- So I was sitting third row on the “camera side” facing the ring (if you see a guy in a hoodie with a bald spot, unfortunately that was me). Sitting right next to me was a kid with Down’s Syndrome and his dad, and I’m just gonna say that sitting next to this kid absolutely made my night. He was a Randy Orton fan, a huge Randy Orton fan (“he’s the best! The RKO is the best!”), and probably the only person in the building who booed both D-Bry and Goldust tonight. When everybody else in the arena was YES YES YESing, he screamed “NO! NO! NO!” as loudly as he could, like a kid trying to protect their sandcastle against the tide (of course in this case the tide is Not Good For Business and also HHH owns the sandcastle, so who knows). But seriously, this is why live wrestling is the best: you sit next to a kid like this (or the six-year-old girl sitting behind me who yelled “BRAY WYATT, YOU HAVE UGLY PANTS” as loud as she could) and you get to remember what it was like to be a kid and lost in the story and the illusion.

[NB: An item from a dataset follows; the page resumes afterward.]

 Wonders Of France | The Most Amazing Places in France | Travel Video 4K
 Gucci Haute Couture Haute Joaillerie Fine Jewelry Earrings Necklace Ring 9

This is why any real wrestling fan doesn’t hate John Cena, even if you get tired of the character, because Cena makes it magic for these kids and how can you hate that, really? Are you Chuck Taylor or something?
- The “RANDY SAVAGE” chants were mostly directed at a Randy Savage cosplayer (doing early 80s Savage) a few seats away from me. He started out modest and then started egging on the chants whenever he felt like it. Memo to all other wrestling cosplayers: please don’t do this. It is possibly the only thing worse than WHAT chants, which thankfully we managed to keep to a minimum. Not terribly pleased about the “maple syrup” and “go Leafs go” chants, but they’re better than WHAT, so I’ll take it.
- I don’t know why Toronto hates the Miz exactly, but man, we really, really hate the Miz, don’t we? At first I thought we were pro-Sandow, which would be just fine with me, but no, it’s not just us liking Sandow (we booed him literally through an entire commercial break, but it was your classic “heel openly begs to be booed” booing, so that is fine), but it was also us really really hating the Miz. I have no idea why we hate the Miz. I’m fine with it, actually, but as a rule “YOU CAN’T WRESTLE” chants should be reserved for when Miz flubs the figure-four again.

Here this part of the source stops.